Her life, like her work, is deeply authentic. Her third play, Mizushōbai (The Water Trade) explores the life and power of Kiyoko Tanaka-Goto, a Japanese picture-bride turned ‘underground’ businesswoman in 1930’s British Columbia who also defied categorization, and whose value as a member of “Canadian” society was to defy every expectation for the sake of her autonomy and dignity.

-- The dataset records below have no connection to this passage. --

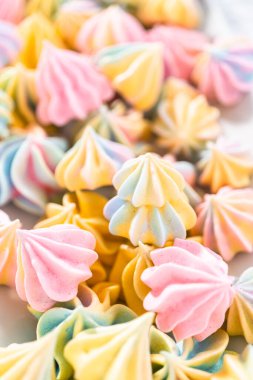 Beyaz servis tabağında çok renkli tek boynuzlu at kurabiyeleri..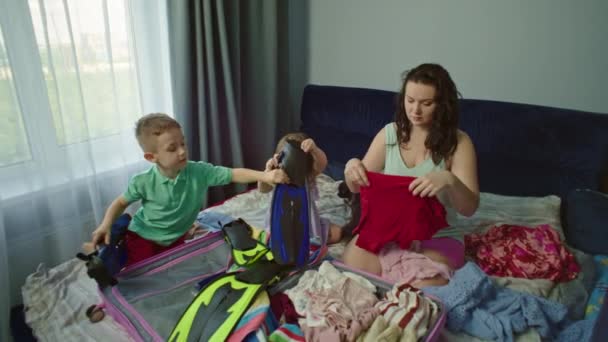 Glückliche Kinder Packen Mit Ihrer Mutter Kleidung Einen Koffer Für — Stockvideo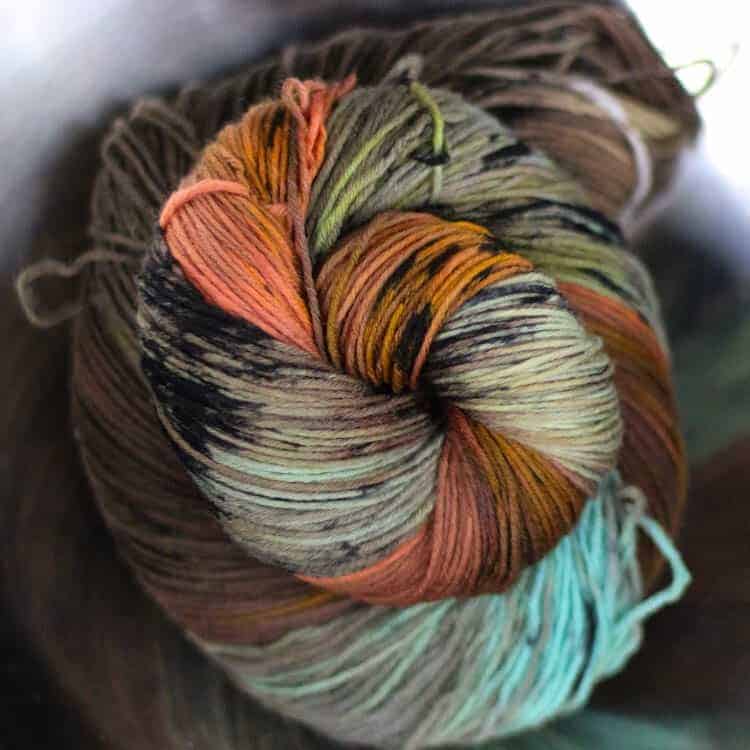 Brown, orange and aqua yarn in a spiral.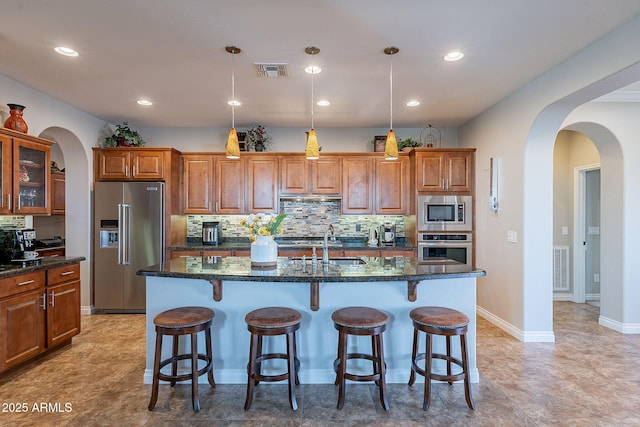 kitchen with pendant lighting, appliances with stainless steel finishes, a kitchen island with sink, decorative backsplash, and dark stone counters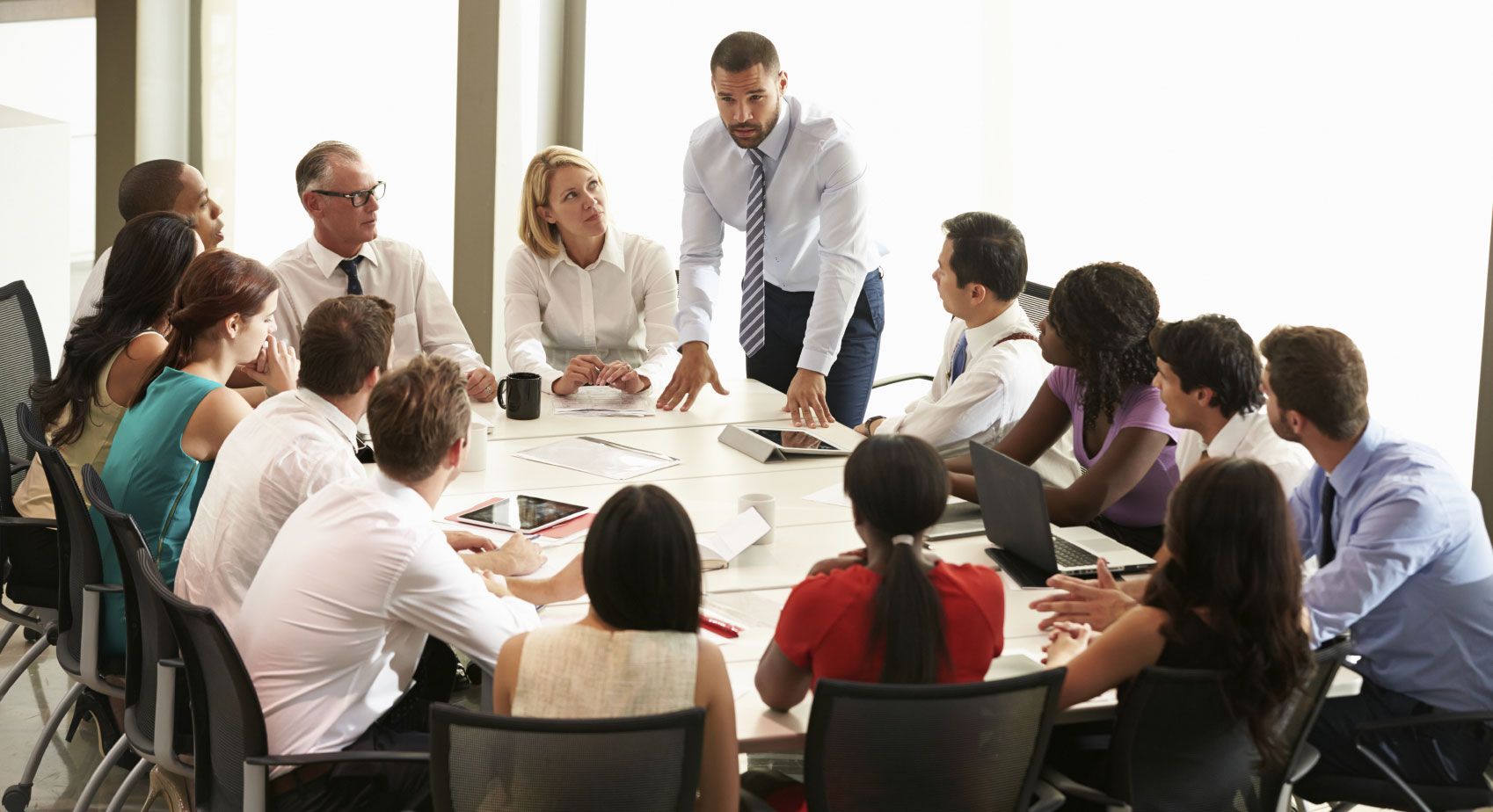 Réunion d'affaires autour d'une grande table ; collègues discutant d'idées et de documents dans un bureau.
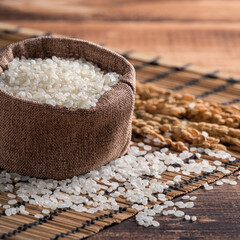 Wall Mural - Raw white rice in a wooden bowl over table.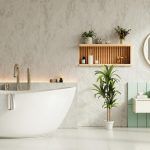 Căzi freestanding albă într-o baie modernă cu decor minimalist și plante verzi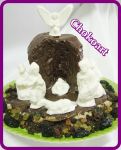 Panetone Prespio:
Massa Leve e Macia com Cobertura de Trufa Escura,Banhado com Chocolate e frutas secas.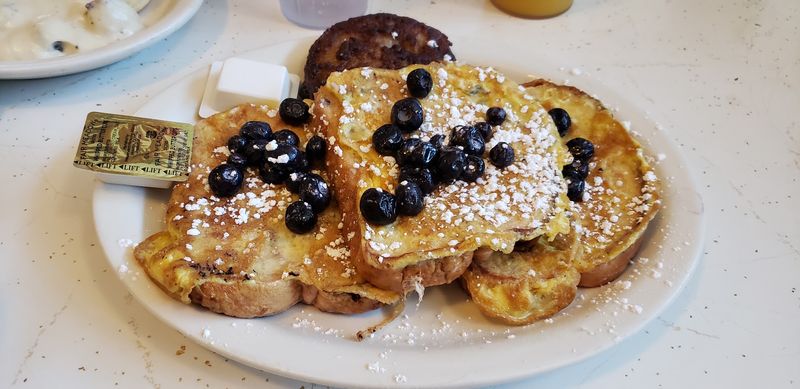This Cozy Nebraska Cafe Serves Biscuits And Gravy That Keep Locals Coming Back - Decor Hint Sweets Bring Serious Pancake Energy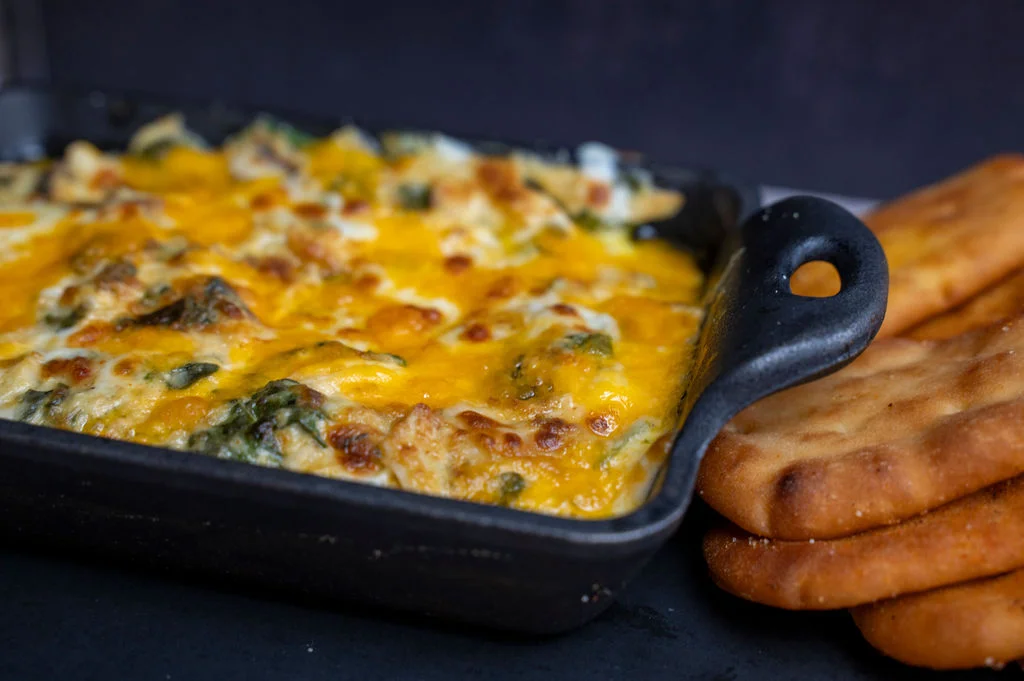 Cheesy spinach and artichoke dip served with naan bread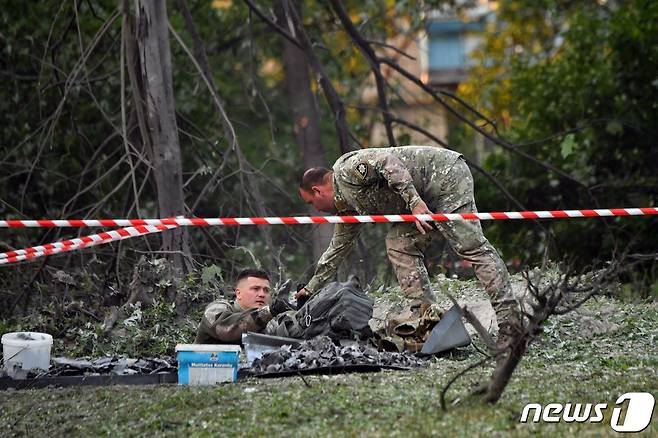 1일(현지시간) 러시아 군의 미사일 공격을 받은 우크라이나 키이우의 병원 밖에서 병사들이 미사일 잔해를 살펴 보고 있다. ⓒ AFP=뉴스1 ⓒ News1 우동명 기자
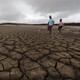 A family negotiates their way through caked mud around a dried up section of the Theewaterskloof dam.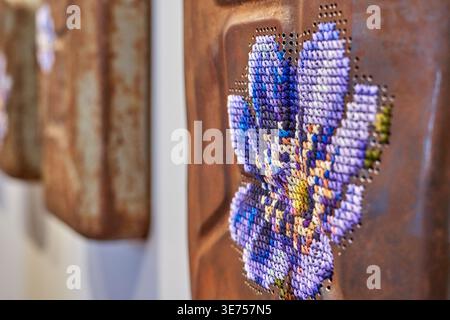 Close-up photograph of contemporary textile artwork featuring cross-stitch embroidery of a purple flower stitched onto a rusted metal surface. The Stock Photo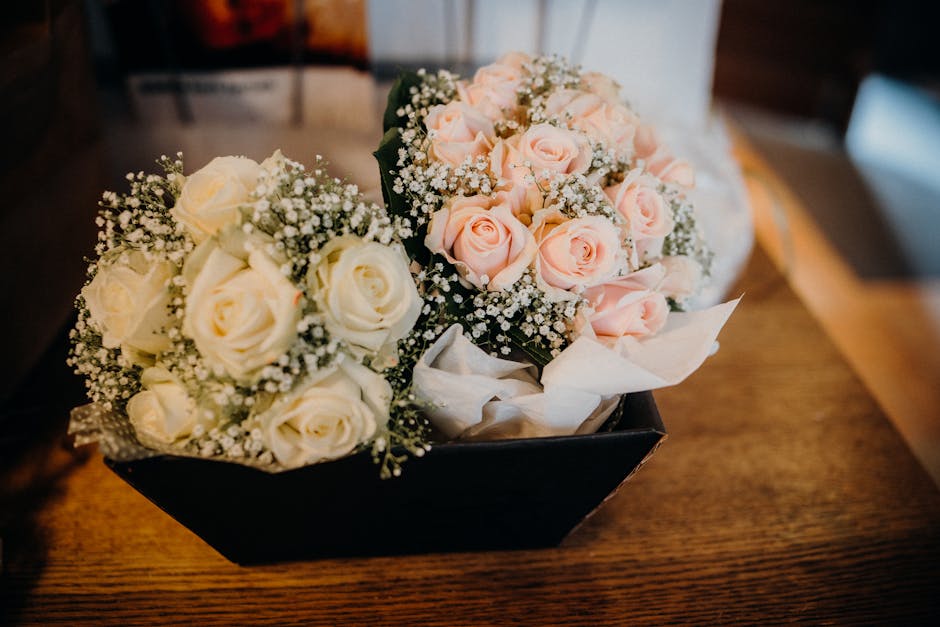 A floral arrangement featuring two bouquets of fresh roses, one with creamy white roses and the other with soft pink roses, each surrounded by delicate sprigs of baby's breath. The bouquets are arrang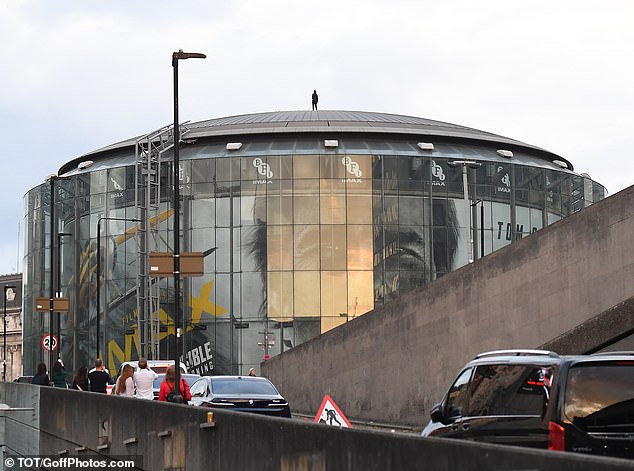 The 62-year-old daredevil was spotted Sunday in London as he filmed his latest stunt on the roof of the British Film Institute's IMAX building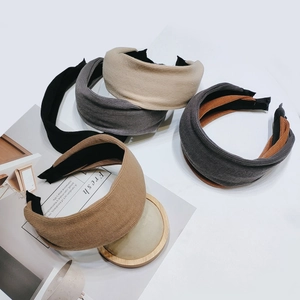 Macro detail of assorted wide knit headbands in neutral earth tones on white background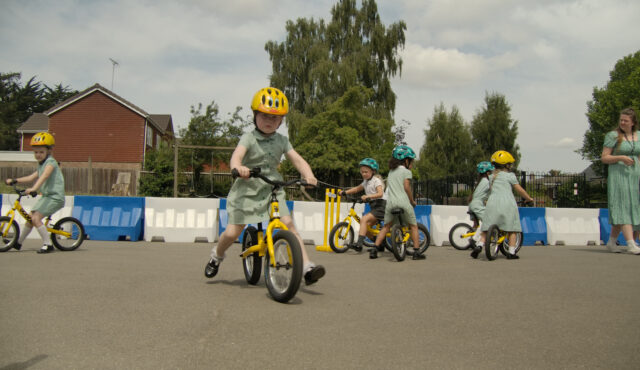 young person on a bike in a playground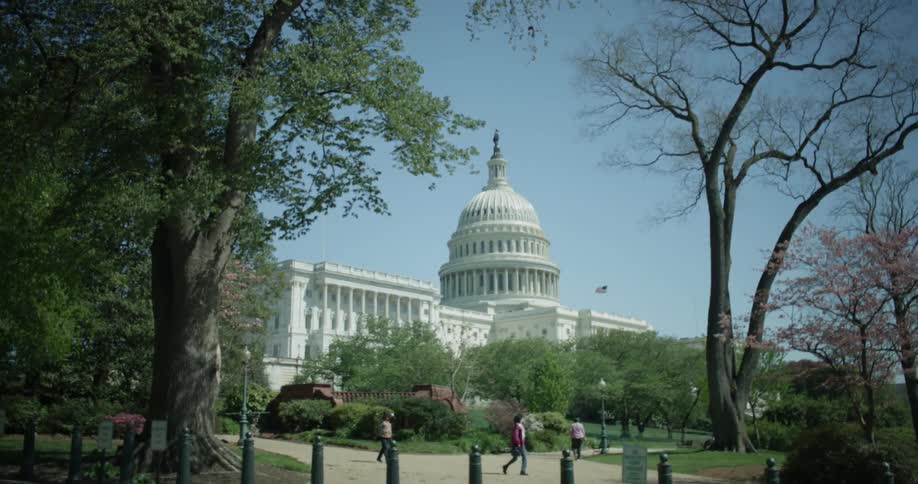 People are walking in a park outside a capitol building on a sunny day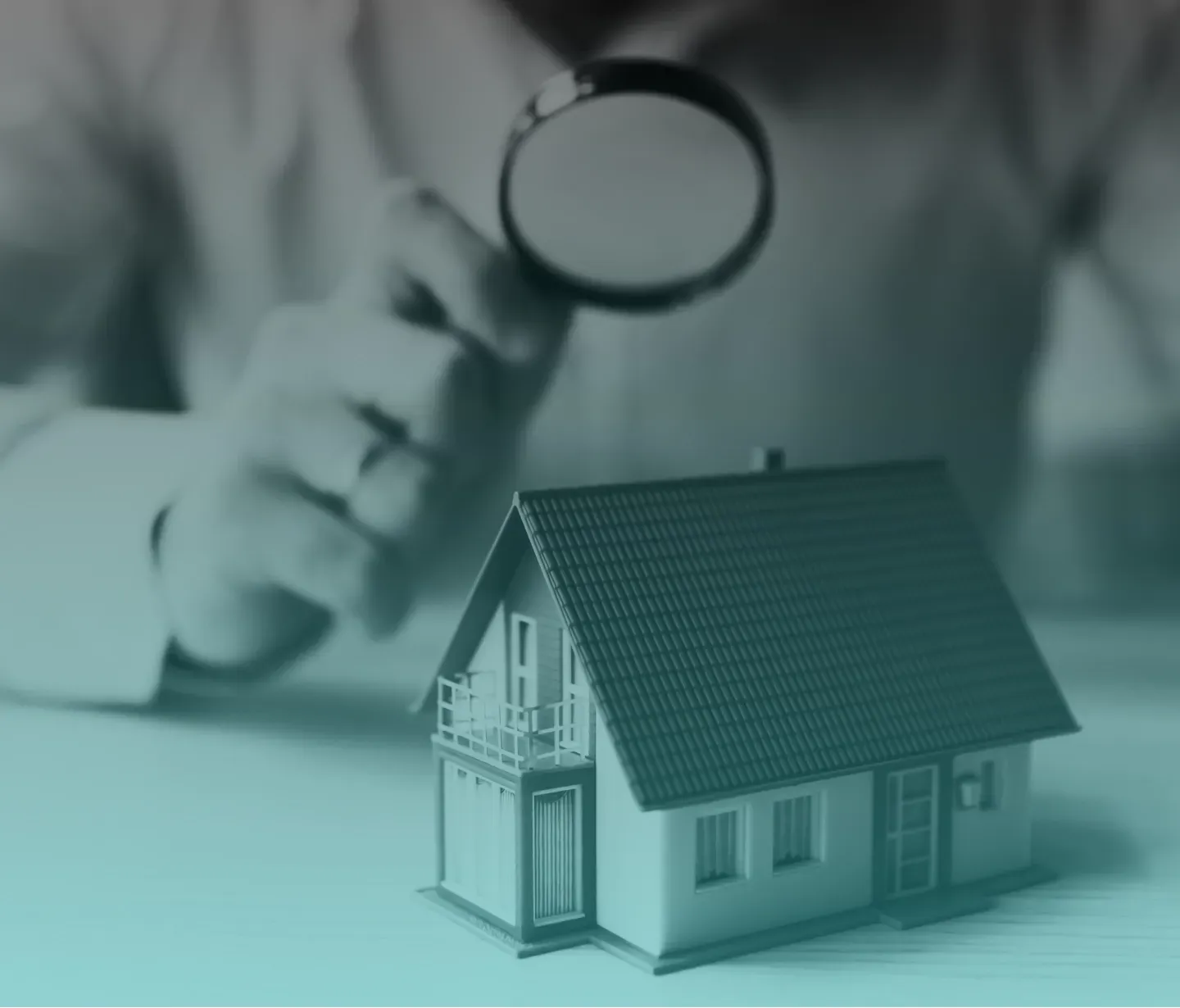 A man is holding a magnifying glass over a model house.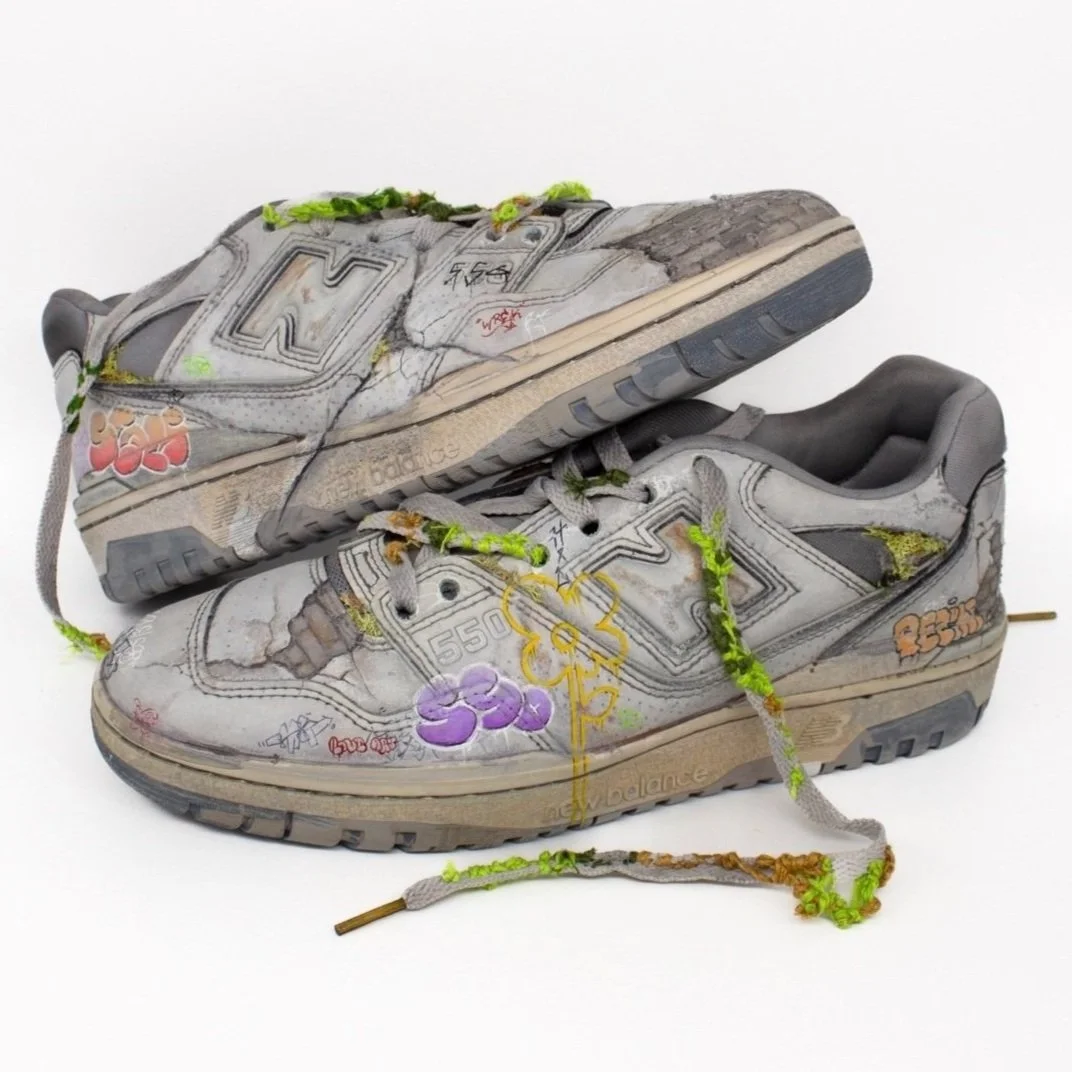 Worn and distressed sneakers with graffiti art and moss accents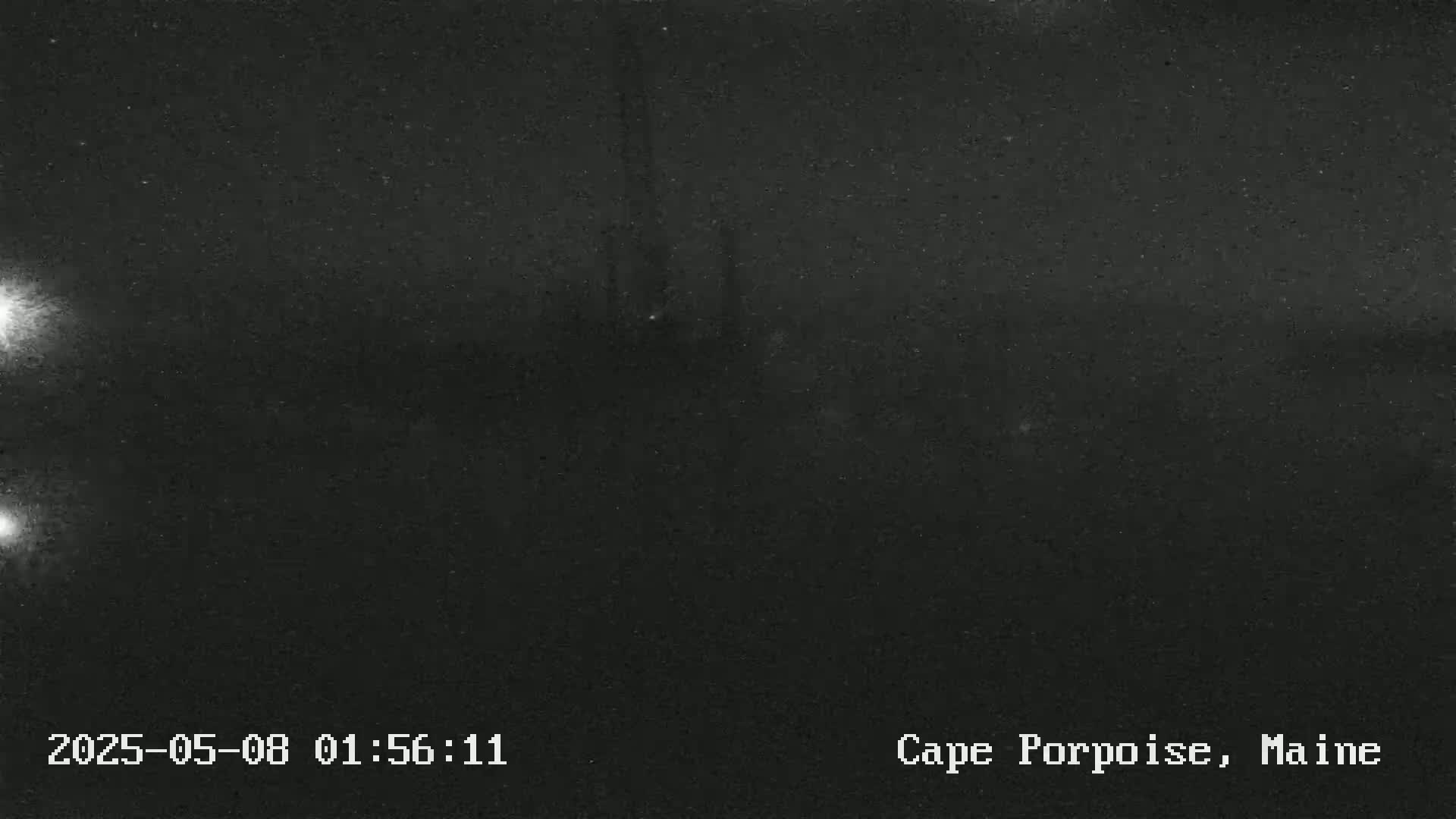 A dark, nighttime outdoor scene shows a blurry, indistinct view with two bright lights in the lower left corner.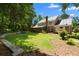 Expansive backyard with a stone retaining wall, healthy lawn, and a sunroom off the rear of the home at 2595 Winthrope Way, Lawrenceville, GA 30044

A bilingual award-winning actor and creator with over 30 years of credits in both English and French theatre, some of Julie’s recent projects include (because there are honestly too many to list here) Beyond the Sea (Hudson Village), Wildfire (Talisman), Paradise Lost (Centaur), Jean Dit (Théâtre D’Aujourd’hui), Butcher (Centaur) as well as bold co-artistic direction of Tashme Productions and co-facilitation with the Arrivals Legacy Project. Julie’s thoughtfulness and passion for her community, for celebrating and nurturing what ignites and deepens collective joy and equity is as self-effacing as it is unapologetic.
The full moon breaks through the clouds at this midnight hour. “I still have so much to do,” Julie says as she expertly creases the wing on another crane and the oven timer beeps.
-Written by Lisa Cooke Ravensbergen, long-time artistic collaborator, sister-friend, and multi-hyphenate theatre artist
Which ’hood are you in?
What do you do?
I am trained as an actor and have been doing that work for over 30 years here in Montreal, across Canada and Internationally. I started to write 15 years ago to fill a gap: to see my own story on stage. I also wanted to create things that other Asian artists could potentially be seen in. I didn’t actually mean to be a writer, but here I am. I am also an independent theatre producer, mentor and voice actor in dubbing, commercials and video games.
What are you currently working on?
My artistic partner Matt Miwa and I are adapting our documentary play, The Tashme Project, into a graphic novel with illustrations by West Coast Nikkei artist, PJ Patten. Acting projects in the near future are in Scapegoat Carnivale’s show RICKI, and a show at Centaur, co-produced by Tableau D’Hôte and Repercussion Theatre.
Where can we find your work?
I am particularly proud of a digital art project I co-curated with Matt Miwa called YUME. Digital Dreams. I was not involved creatively, but it was incredibly fulfilling to bring together Japanese-Canadian artists from across the country. It was meant to connect the Japanese Canadian community, decades after it was torn apart during the Second World War when many on the West Coast were imprisoned, displaced and deported. We connected artists of different generations, disciplines and geographical areas, and yet they all found such similarities that it seemed like fate.
My new play, Mizushōbai, ran from October 10-22, 2023 at the Segal Centre’s studio space. Mizushōbai (The Water Trade) explores the life of Kiyoko Tanaka-Goto, a Japanese picture-bride turned ‘underground’ businesswoman in 1930’s British Columbia.